Like a lot of women in businesses, I fell into mine by way of my family. My father started India’s highest bungy platform in Rishikesh back in 2010, when I was in college and what could possibly be more exciting than to jump right into it. It’s been almost a decade that I’ve been a part of this budding brand, a pioneering adventure into the exciting Indian market.
Exciting because it is price sensitive while being receptive to changing themes, slowly but surely. It can be as set in its ways as it can be dynamic. And best of all, what is most exciting is to be part of it at a time when it is booming.
It would be foolish to deny that feminism in India is in a transition- we are moving from a wholly patriarchal society to a more just one, but we aren’t quite there yet, while having also come a long way—this is equally true of our own selves, as much as of the times we live in.
And just like with everything in transition, the initial instinct is to fit in. To pretend to own the room when you’re really just uncertain.
In Bungy Jumping, a higher percentage of men sign up compared to women, but more men also back down at the edge than women.
Double guessing ourselves is our own vestige of patriarchy. The only way we overcome this is by being okay with making mistakes. In fact, feeling entitled to them.
I recently launched my debut novel, called 3..2..1..JUMP, a travel fiction that reimagines the Bhagavad Gita in contemporary times, with the metaphoric Arjuna, a woman with fears, in conversation with my metaphoric Krishna, a Bungy Jump Master who sells courage for a living.

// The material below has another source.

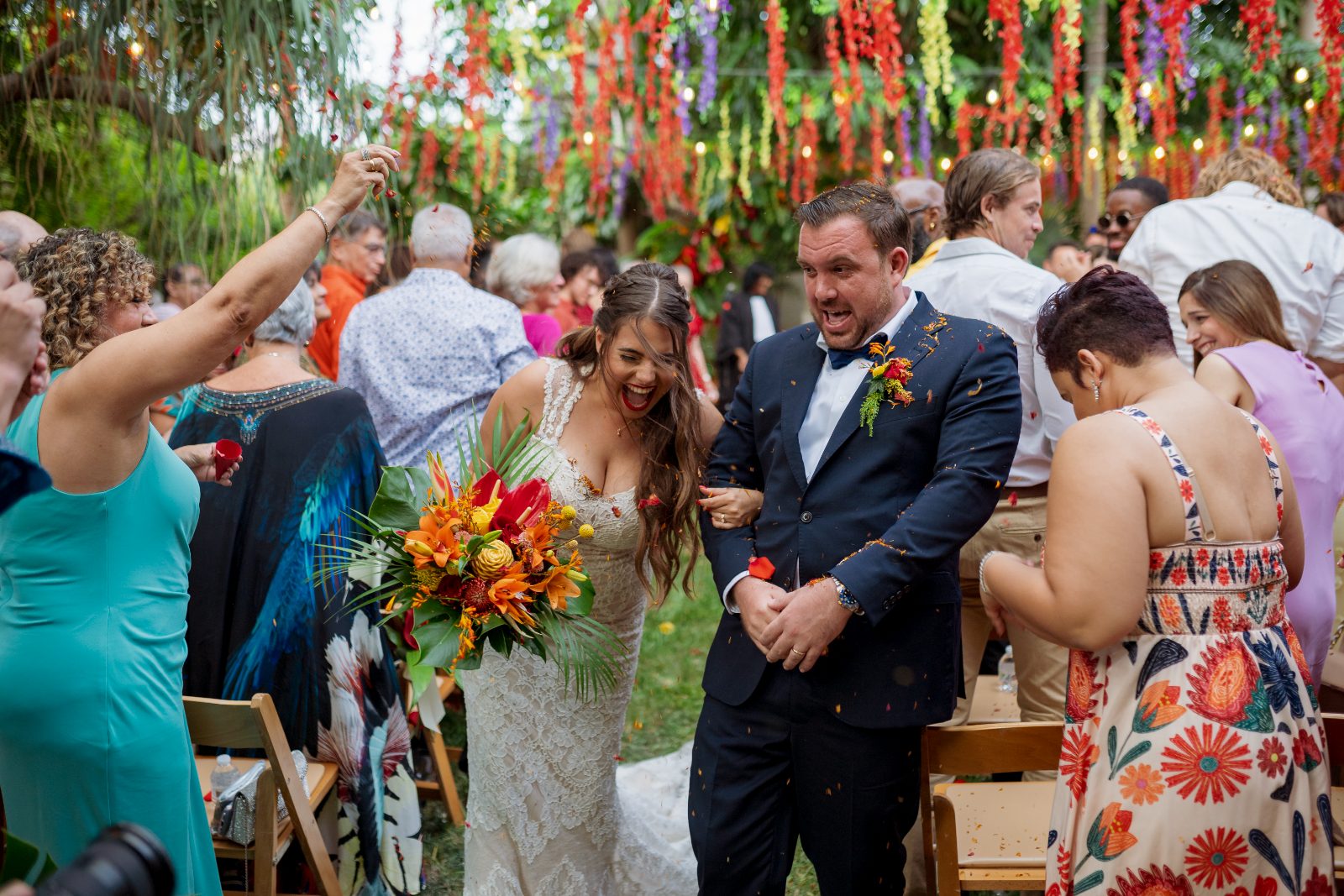 Ghislaine and Kevin celebrate their wedding in a private garden in Curaçao, surrounded by guests tossing confetti and holding floral arrangements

During my research, I was pleasantly surprised to know what the Gita propagated : man is a co-sharer in the work of God. There is free will, rather than one arbitrary way of doing things. Instead of pretending to do what has been done, what must be done and how it should be done, there is courage in exploring how it can be done. If there’s one thing I’ve learned in this decade, it is that all our perceived rules of the game are merely the box that we may have inherited, but it isn’t the whole playground.